Ketua Umum KITA Maman Imanulhaq mengatakan, teror di Sigi melukai rasa kemanusiaan, dan mencederai persatuan dan kesatuan bangsa. Sebagai organisasi yang menjunjung tinggi persatuan dan kesatuan bangsa, KITA menyampaikan empati dan duka mendalam kepada korban tindak kebiadaban teroris.
”Kami mendorong kepolisian segera menangkap dan memproses hukum pelaku terorisme ini.
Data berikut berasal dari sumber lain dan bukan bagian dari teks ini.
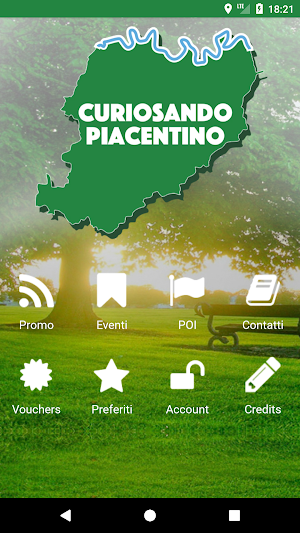 Curiosando Piacentino Screenshot 1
Jika kasus ini tak terselesaikan secara hukum, bukan tidak mungkin akan ada ancaman kejadian serupa di masa depan,” kata Maman.
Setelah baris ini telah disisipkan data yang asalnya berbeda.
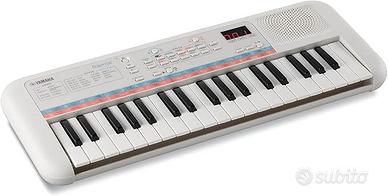 tastiera  pianola yamaha per bambini PSS E30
Maman menambahkan, KITA mendukung langkah Polri yang menugaskan Satgas Operasi Tinombala untuk mengejar pelaku terorisme yang diduga berasal dari sisa kelompok Mujahidin Indonesia Timur (MIT) Poso pimpinan Santoso.
TIM KAMPANYE NASIONAL JOKOWI-AMIN
Maman Imanulhaq berbicara di depan para santri Pondok Pesantren Al-Hikamussalfiah Cipulus Wanayasa Purwakarta Jawa Barat, Kamis (6/12/2018).
KITA juga berharap polisi dapat menumpas jaringan MIT. Pimpinan MIT pasca-kematian Santoso yaitu Ali Kalora harus ditangkap dan diproses hukum.
”Aparat keamanan dan pertahanan baik Polri, TNI, dan Badan Intelijen Negara (BIN) tidak boleh lengah dalam upaya pemberantasan sel-sel terorisme. Jangan sampai ruang gerak sel-sel terorisme ini terus berkembang masif di Indonesia,” kata Maman.
KITA juga mendorong kepada semua elemen masyarakat terutama tokoh agama, tokoh masyarakat, agar terus menjaga nilai-nilai persatuan dan kesatuan bangsa. Semua pihak diminta aktif berperan dalam menjaga toleransi antarumat beragama. Semua pihak juga diharapkan berperan memberikan edukasi kepada publik tentang nilai-nilai persatuan dan kesatuan sesuai dengan sila-sila Pancasila.